What’s up with EdTech this FY?

I believe this is the year of EdTech, where it gets what is due since a couple of years. Long-form business models, increased push towards education, burgeoning mobile usage; edTech will shine.

It all started in January with BYJU acquiring personalized learning service Vidyartha for INR 50Cr. Personalized, self-paced learning is going to be those snail-paced education delivery models that will favor working professionals and students alike as attention requirements in the digital age increase. Slow but steady.

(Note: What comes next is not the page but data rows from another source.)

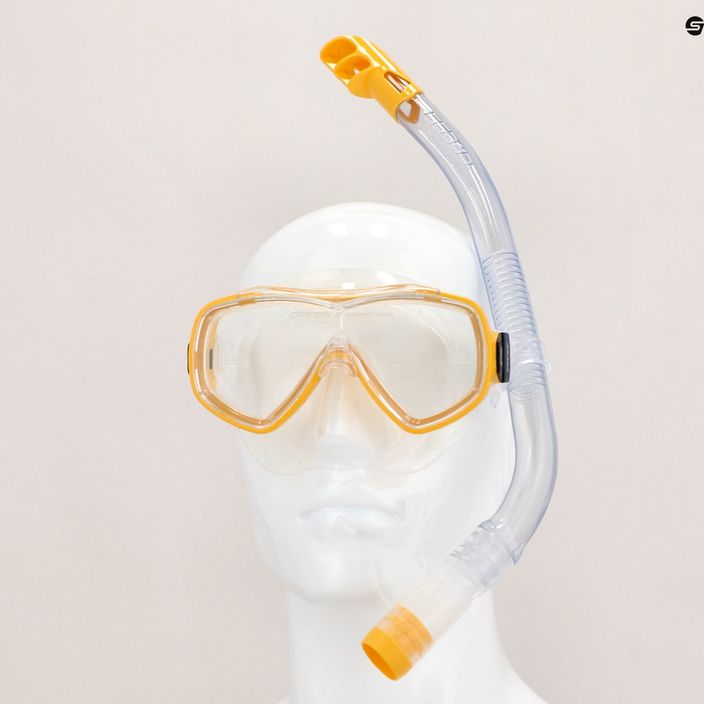 Σετ αναπνευστήρα Cressi Onda για παιδιά + μάσκα Μεξικού + αναπνευστήρας κίτρινο DM1010131 13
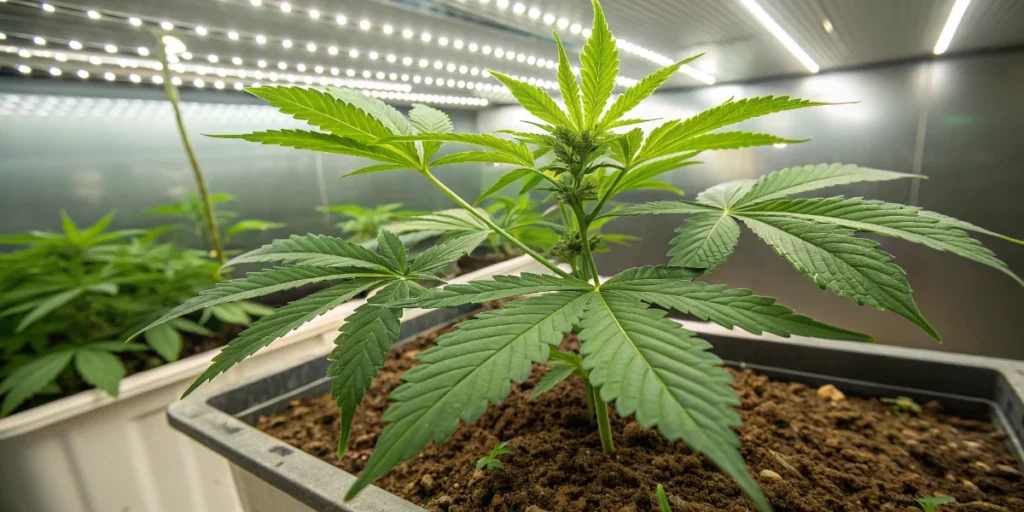 Speedy Boom Auto cannabis plant in vegetative stage under LED lights indoors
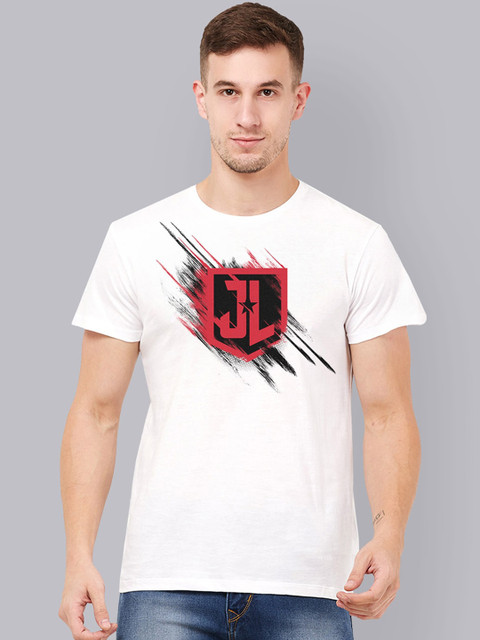 

Free Authority Men White Justice League Printed Round Neck Pure Cotton T-shirt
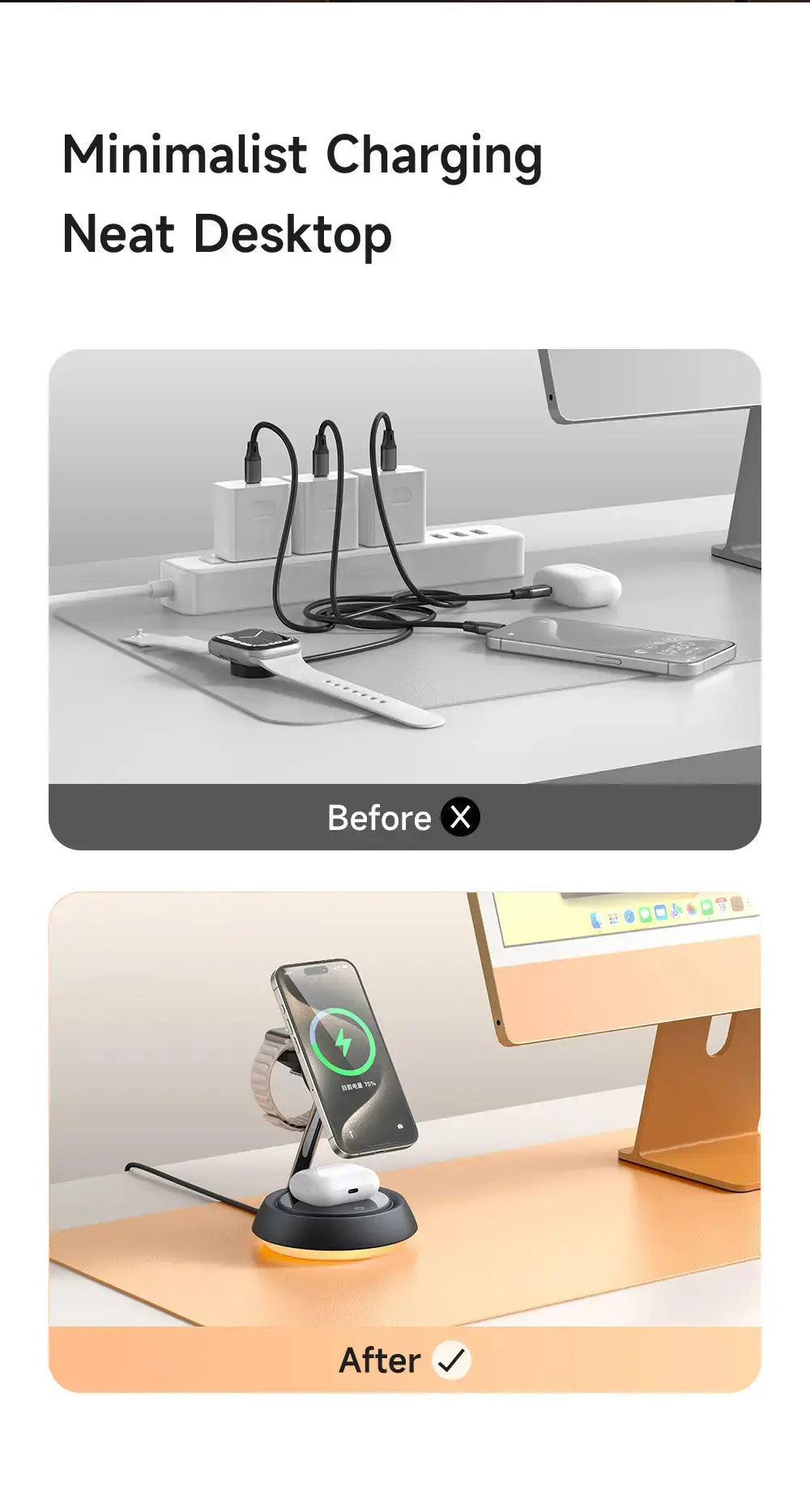 MCDODO Wireless Charger 3 in 1 Stand Magnetic CH-4952 Mcdodo Singapore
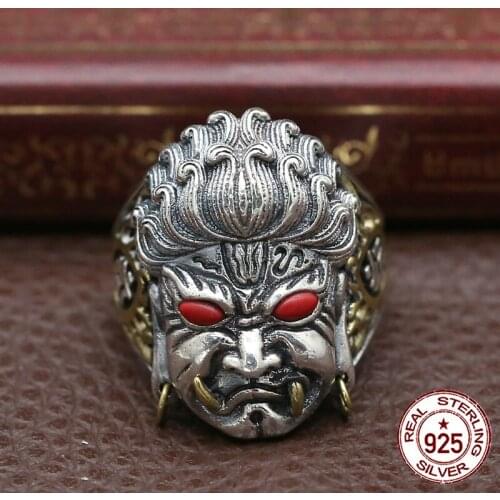 100% S925 sterling silver mens ring personality fashion classic jewelry retro style carved Chinese style domineering style hot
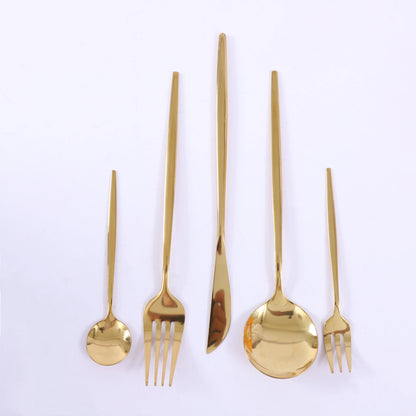 90Pcs Gold Stainless Steel Silverware - Heavy Duty Cutlery, 420 Stainless Steel Tableware Set for Wedding, Buffets, Restaurants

CueMath raised $15M (Series B) from CapitalG, Sequoia India. CueMath provides online mathematics after-school learning programs for K-8. CueMath’s model is unique as it brings out the importance of the role of teacher as a steward towards more directed learning. I believe the offline model binds teaching with retention psychologically. Present in Delhi, Bengaluru, Mumbai, Chennai, Pune and Hyderabad, with around 300 math excellence centres in each of these cities — their presence PAN India is spot on. It’s great to see CueMath onboarding teachers and helping them provide certification. Teacher training is one big hollow spot in our education system.

January also saw Curiositi, an activity-based learning startup, raising Series A funding from Menterra Social Impact Fund. Flinto, Experifun, Smartivity are some of the startups bringing up the advantage that DIY kits and “hand-eye” learning may have in teaching kids STEM and other complex skills. Curiositi claims to have around 20,000 paying subscribers for its science and mathematics programs; quite enough critical mass to see them grow.

Unacademy also closed down $4.5M funding for expansion from Nexus Venture Partners, Blume Ventures, and other investors — allowing educators to create courses using their app on various subjects, including exclusive, personalized content for various competitive exams. Online courses marketplaces are still a long way from gaining critical mass traction (in my view) because I feel that the entire re-engineered MOOCs model doesn’t generate enough revenues over the short run. Moreover, moving forward, E-learning service provider Schoolguru raised bridge round in February 2017.

March saw Jaipur-based Nactus, raising undisclosed angel funding from a group of investors. Offers several tools including class management, communication, performance management, and is available on both Android and iOS platforms, as well as on the web.

Again the EdTech dynamite! BYJU’s raises $30M from Verlinvest — BYJU’s raised fresh funds from Verlinvest at a higher valuation of about $600M in March 2017. I feel BYJU’s has some good amount of cash reserves that is aimed only at road-rolling its way forward in international markets. Vidyartha, Edurite, TutorVista — I don’t know how many more will be gobbled up by BYJU’s (now valued at $700–800M?). In March, Lightbox invested more in ed-tech startup Embibe, an online test preparation startup.

April saw Testbook, an online platform for material and practice tests for GATE, CAT and other competitive exams, raising $4M in Series A from Matrix Partners India. GrowthEX, a platform that provides online courses and counselling, also raised an undisclosed amount in Angel funding from undisclosed investors in April.

Still April saw some funding traction with Jaipur-based eShiksa, an education management portal, raising an undisclosed amount from Cross Border Angels & Experts, an international angel network.

Come May and EdTech is seeing good money since last year’s drought. Overall, Byju’s raised around $130M in 2016 itself in multiple rounds — that accounted for 81% of all funding in 2016 in the education sector. Hope the trend is skewed towards more early-stage startups this year.